El fundamentalismo proviene, se genera, se nutre y se manifiesta únicamente desde el terreno de lo religioso. De hecho, el propio vocablo nació a principios del siglo XX con el objeto de definir a los cristianos integristas y reaccionarios que pretendían, basándose en la supuesta infalibilidad de la Biblia , frenar las corrientes democratizadoras que empezaban a brotar en Norteamérica.

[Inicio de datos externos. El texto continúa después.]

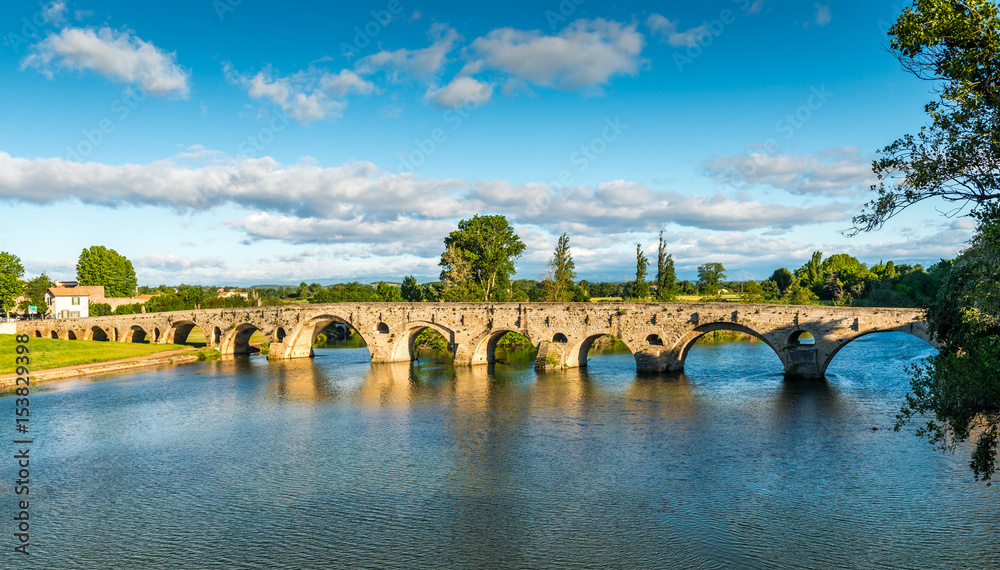 Fototapeta premium Pont Vieux sur l'Orb à Béziers, Hérault en Occitanie, France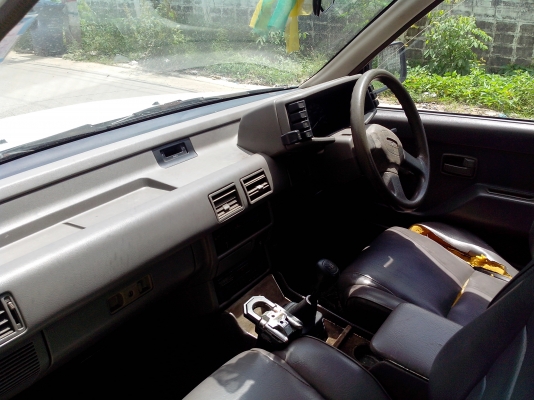 ขายด่วนรถบ้านปี93ไม่เวอร์เดิมบางสีตามอายุการใช้งาน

Las religiones monoteístas generan personas fundamentalistas, intolerantes y excluyentes; sencillamente porque todo ideario religioso considera a quien no siga sus dogmas un enemigo a evitar o a batir. La historia está llena de evidencias al respecto, desde guerras y cruzadas hasta una constante persecución secular en Occidente a los llamados “blasfemos” o “herejes”, cuya culpa era simplemente pensar de otro modo, y cuyo castigo imponía el miedo social a la libre expresión y vetaba el librepensamiento.
Todo ideario religioso, tanto desde posturas de base o tanto desde estadios integristas, conlleva el gérmen del fundamentalismo en su propia entidad porque promulga su “verdad” como la única, porque integra en sus argumentarios la negación de cualquier otra “verdad” como válida o respetable, y porque considera a toda persona ajena a sus prédicas como un transgresor, malhechor y merecedor del castigo divino.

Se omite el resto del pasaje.